Cada cierto tiempo me viene un propósito a la cabeza cuya intención de lograr me dura apenas unos días: Hablar mejor. Fíjense que no digo “hablar bien”, simplemente me conformo con hablar mejor. Y no lo consigo. Como vulgarmente se dice, soy un malhablado; uso palabras malsonantes, expresiones soeces y, también recurro al insulto cuando me provocan (o creo que me provocan). Procuro corregir este defecto una y otra vez pero siempre acabo reincidiendo. Como en otras muchas circunstancias de mi vida, seguiré intentándolo.

¿Por qué en España se habla tan mal? ¿Por qué tanto insulto? ¿Hay personas que se enorgullecen de hablar con tacos y de lanzar improperios a todo lo que se mueve? Hagan una prueba, mis queridos amigos. Busquen en Internet cualquier noticia de cualquier web en la que se puedan dejar comentarios. Si hay más de cinco o seis, de seguro llegarán los insultos y las faltas de respeto. Es lamentable pero es así. Me da vergüenza. Realmente no tengo ni idea de por qué se actúa así, pero somos más rápidos en sacar el insulto a pasear que Lucky Luke el revólver. Y eso que es más rápido que su sombra. Recuerdo a un amigo peruano que, a las pocas semanas de llegar a Zaragoza, me decía que estaba absolutamente anonadado con los insultos que aquí se dirigían con asombrosa naturalidad unos a otros: “¡Qué pasa, hijoputa! ¡No pasa nada, cabronazo!” Y estos eran de los más suaves del repertorio. Yo sentía mucha vergüenza.

Llevo más de un mes yendo al hospital y me sorprende el poder curativo de las palabras. Palabras dulces, cálidas, amables, casi musicales, pronunciadas siempre por enfermeras y auxiliares. Hasta por el personal de limpieza. Raras veces por los médicos (no vaya a ser que se humanicen). Escuchar esas hermosas palabras salidas del corazón y directas al corazón; tan sencillas como un “cariño”, o un “cielo”, o un “enseguida te pondrás bien”, también me inundaban de vergüenza al contraponerlas a las de mi exiguo y malsonante vocabulario. ¿Seré, seremos algún día capaces de contestar a una provocación o a un desaire con una palabra amable?

Mi madre siempre cuenta el día que, siendo ella una mujer casada, mi abuela le dio un bofetón porque se le escapó un “¡coño!” en su presencia.

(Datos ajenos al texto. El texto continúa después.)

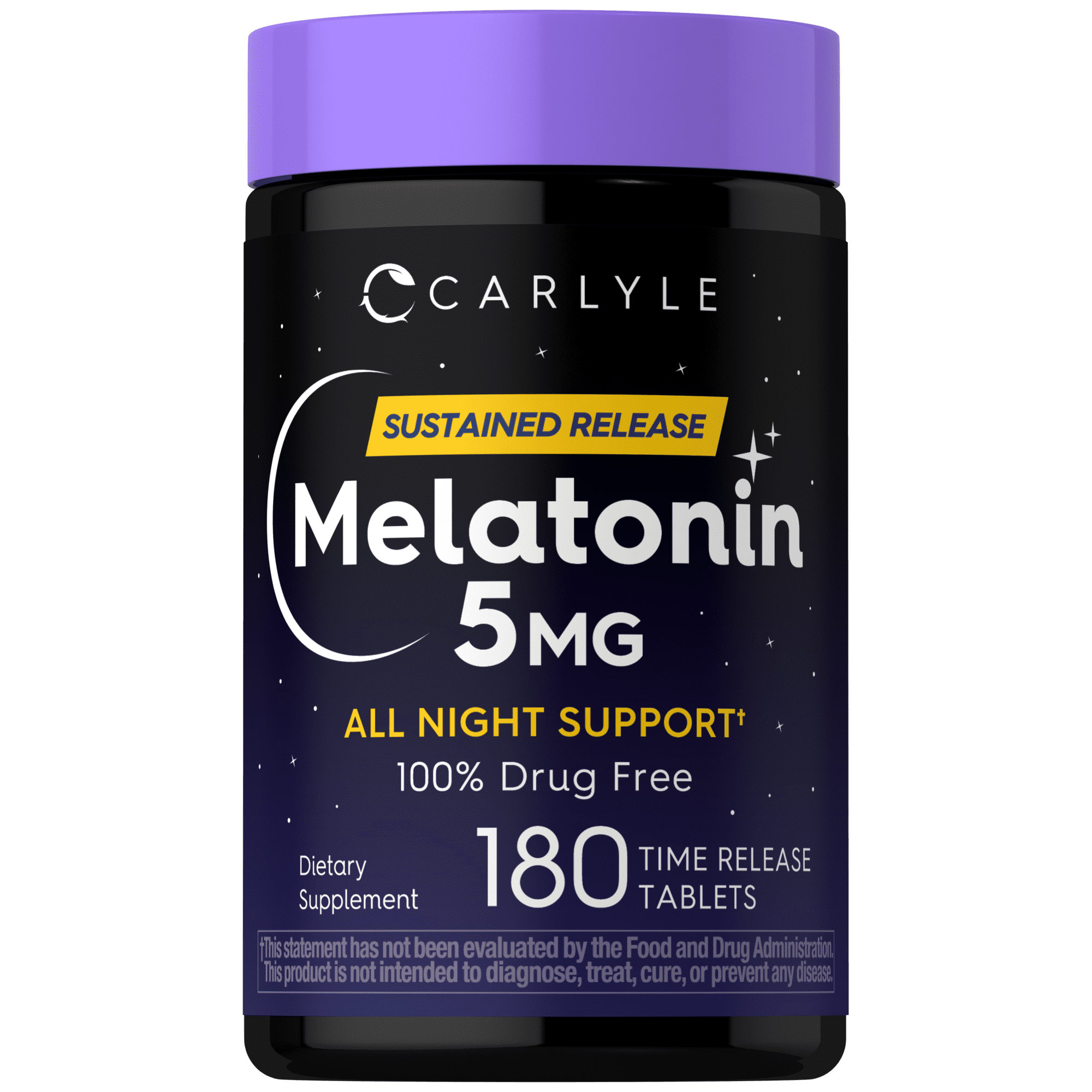 Melatonin 5mg | 180 Sustained Release Tablets | All Night Support Supplement | by Carlyle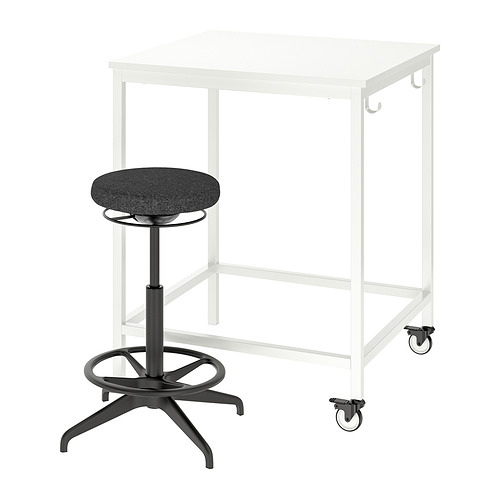 TROTTEN/LIDKULLEN, table and sit/stand support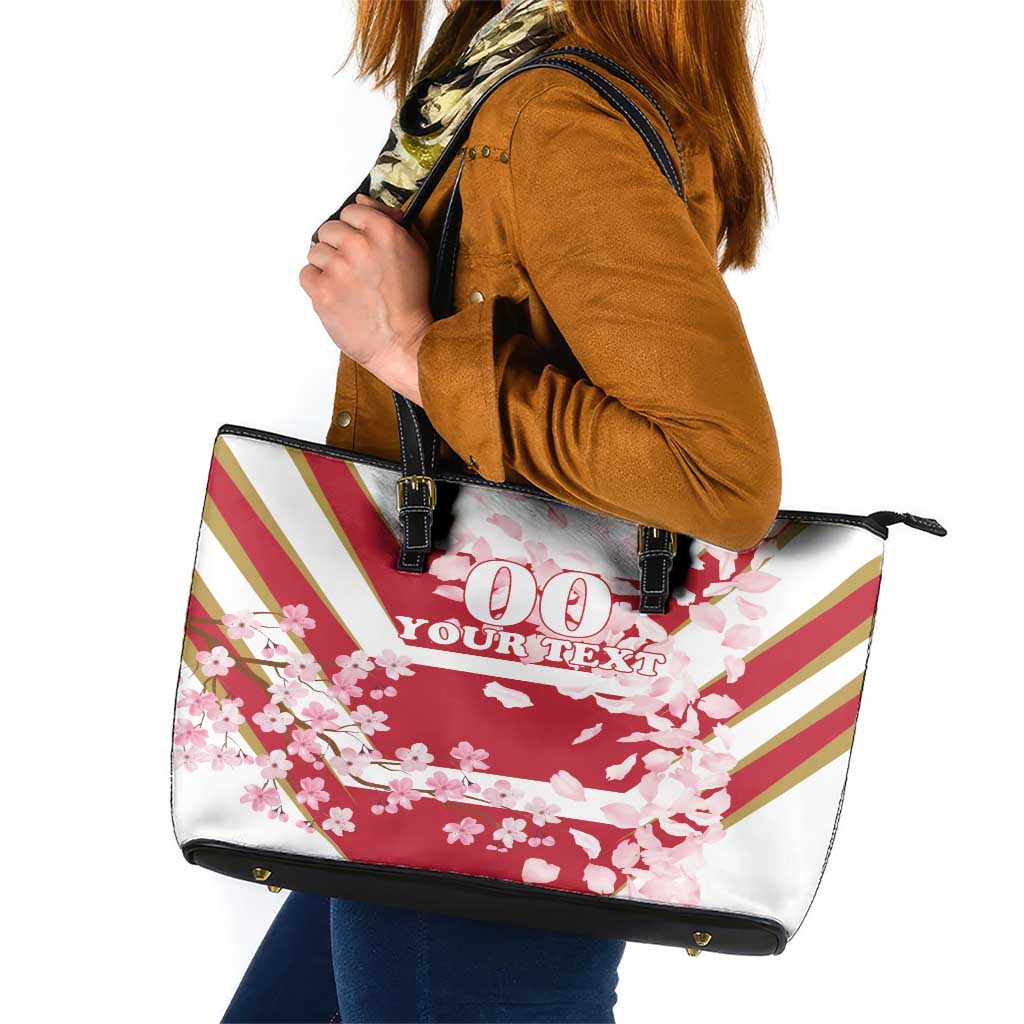 Custom Japan Rugby Leather Tote Bag Brave Cherry Blossoms Flying Petals LT18
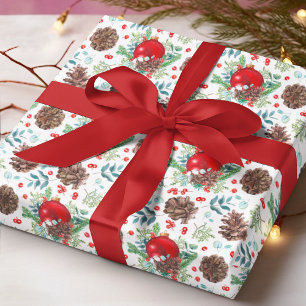 Papel De Presente Aquarela de Bolas Vermelhas de Natal, Floral de Pi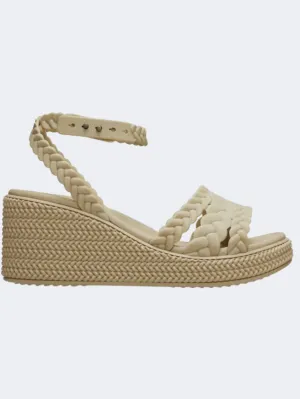 Crocs Brooklyn Woven Ankle Strap Wedge Women Lifestyle Slippers Chai Women's footwear styles
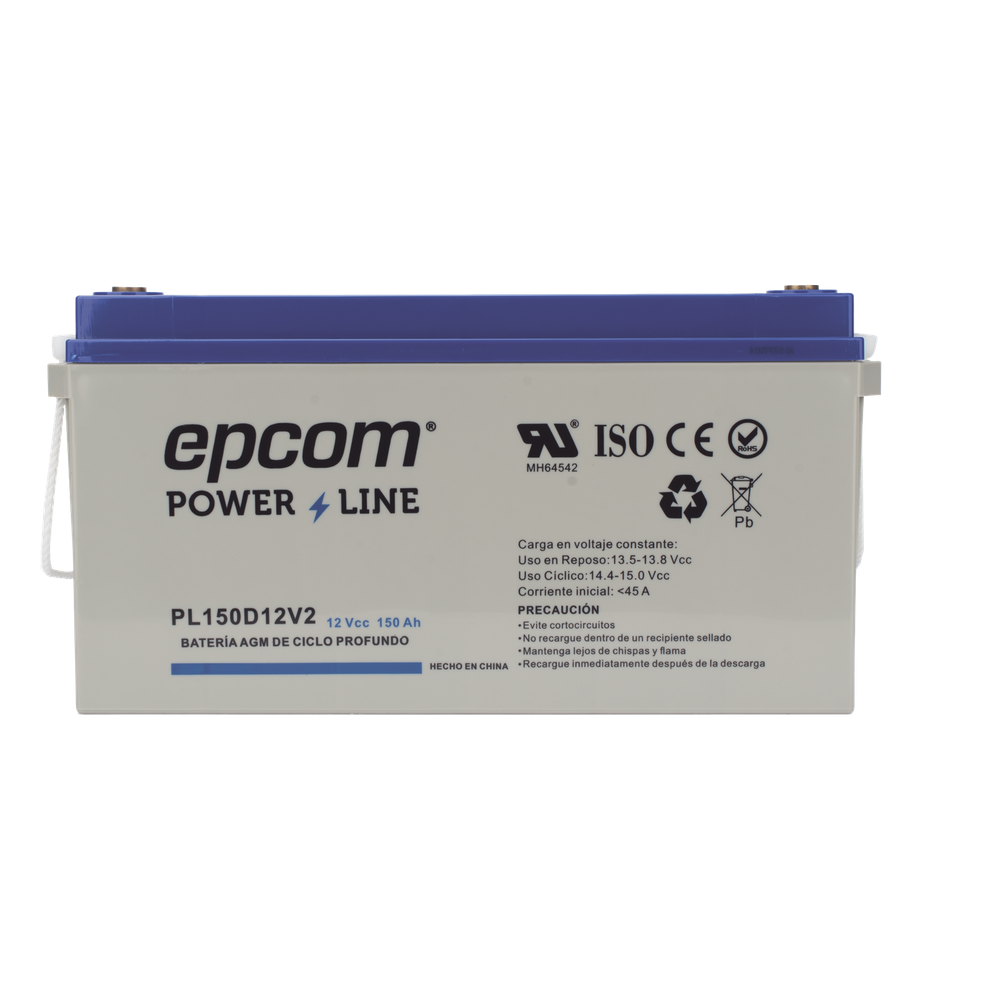 Batería de respaldo 12 V 150 Ah AGM | Certificada UL94-HB Retardo a la flama básica | Ciclo profundo | Para uso en aplicaciones fotovoltaicas y de emergencia | Terminales T5 - Imagen 2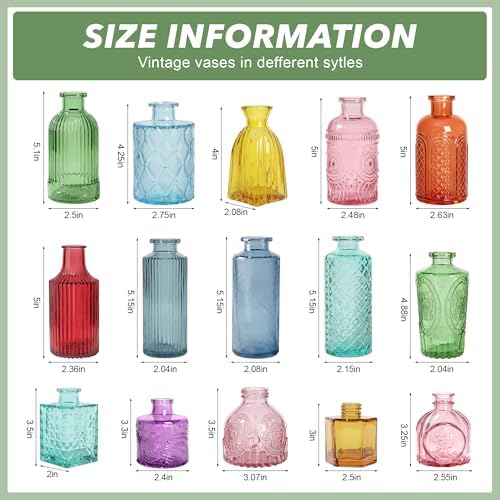 Colored Glass Vases Bulk 32 Pcs - Assorted Vintage Bud Vases for Wedding Centerpieces, Rustic Embossed Glass Bottles for Table Decor, Home Floral Arrangements with Bright Color Series (2-6 Inch) - Image 3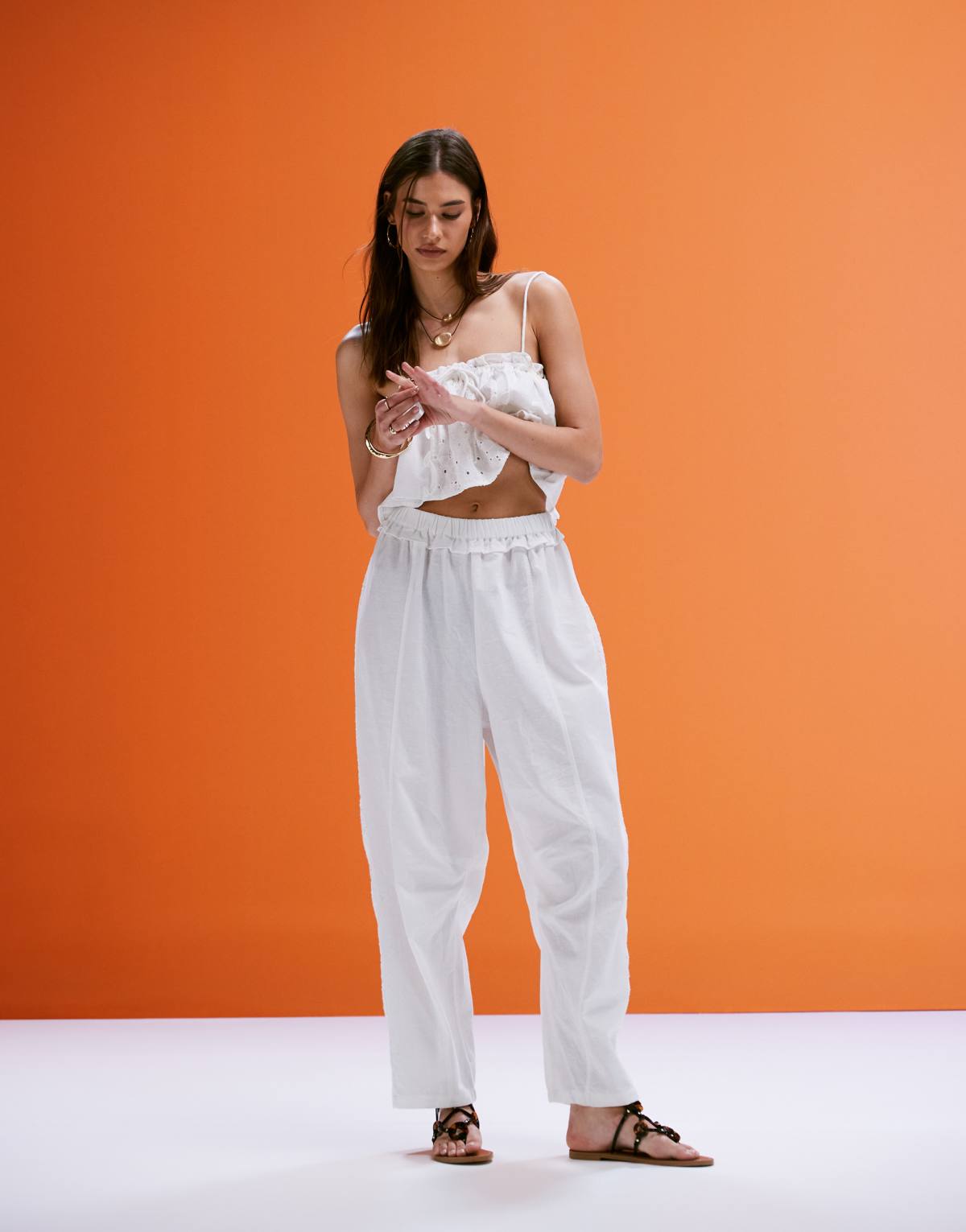 ASOS DESIGN overlay barrel leg jumpsuit with lace details in ivory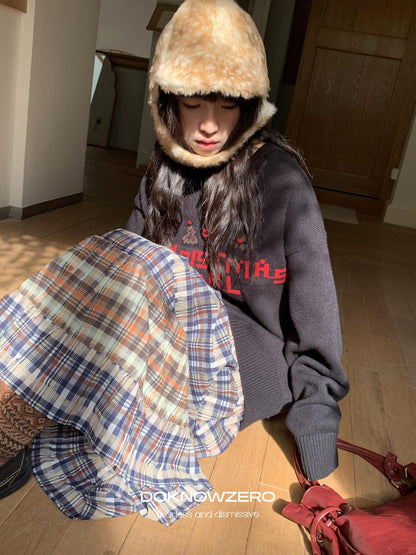 DKZ OFFICIAL Black Slogan Letter Jacquard Women&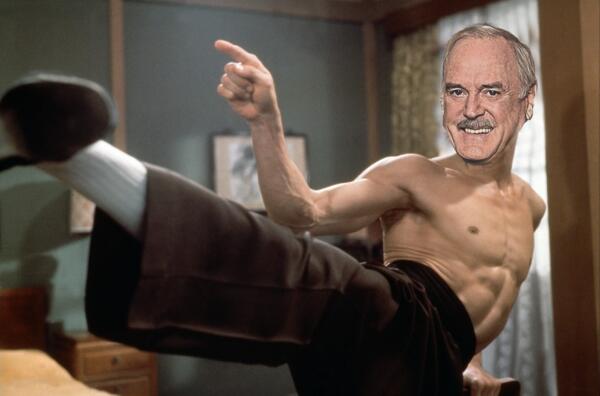 JohnCleese's tweet image. In response to the news that flesh will be revealed at the Python Reunion, I’ve started getting into shape.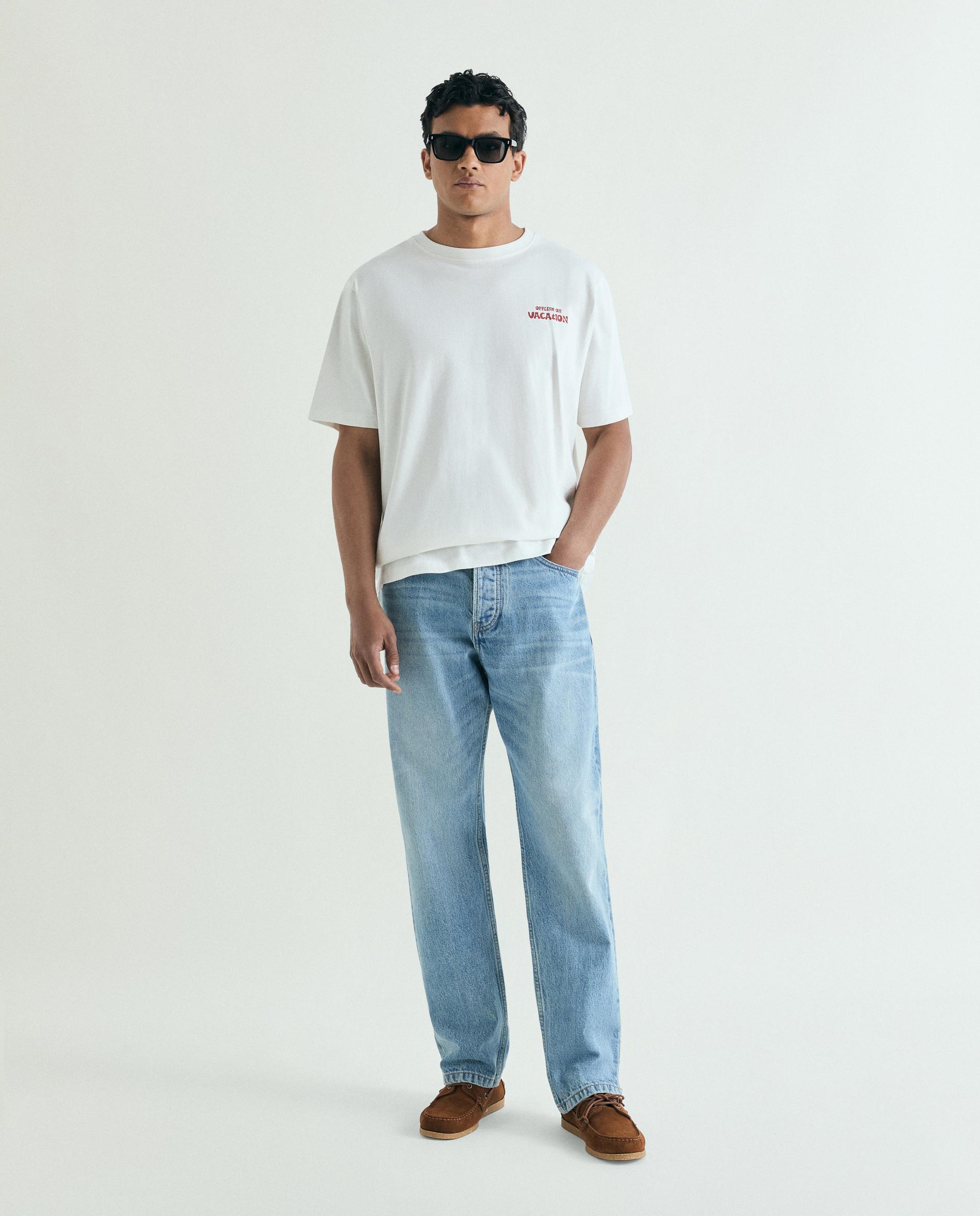 T-shirt de Manga Curta Relaxed Fit com Estampado Posterior Branco-3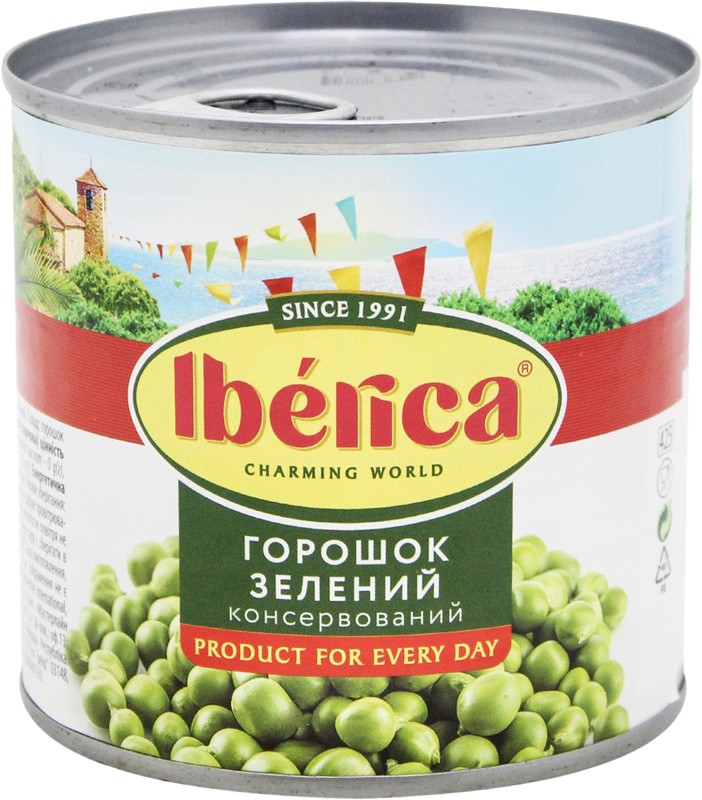 Горошок зелений консервований Iberica 400 г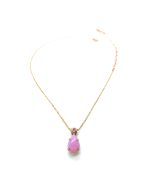 Mariana Necklace Pendant Pear Shape Rhodochrosite Mineral & Lt Rose Austrian Crystals My Treasures Coll. - Image 2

Buff... menuda era mi abuela con el lenguaje. Si me oyera hablar en mi día a día me iba a dar más que a una estera. En fin, tampoco se trata de ser tan exquisitos hablando como Antonio Gala, pero sí deberíamos ser mucho más cuidadosos con las palabras que usamos. Y tratar de usar nuevas palabras, y más cultas. Si no, terminaremos abocados a esa pobreza lingüística de la que hablaba Benedetti en “Todo es adrede”: “Sé que alguien proyectó hace un tiempo editar un diccionario con las palabras corrientes, las que todos usamos, pero resultó un volumen tan reducido que nadie lo quiso publicar”.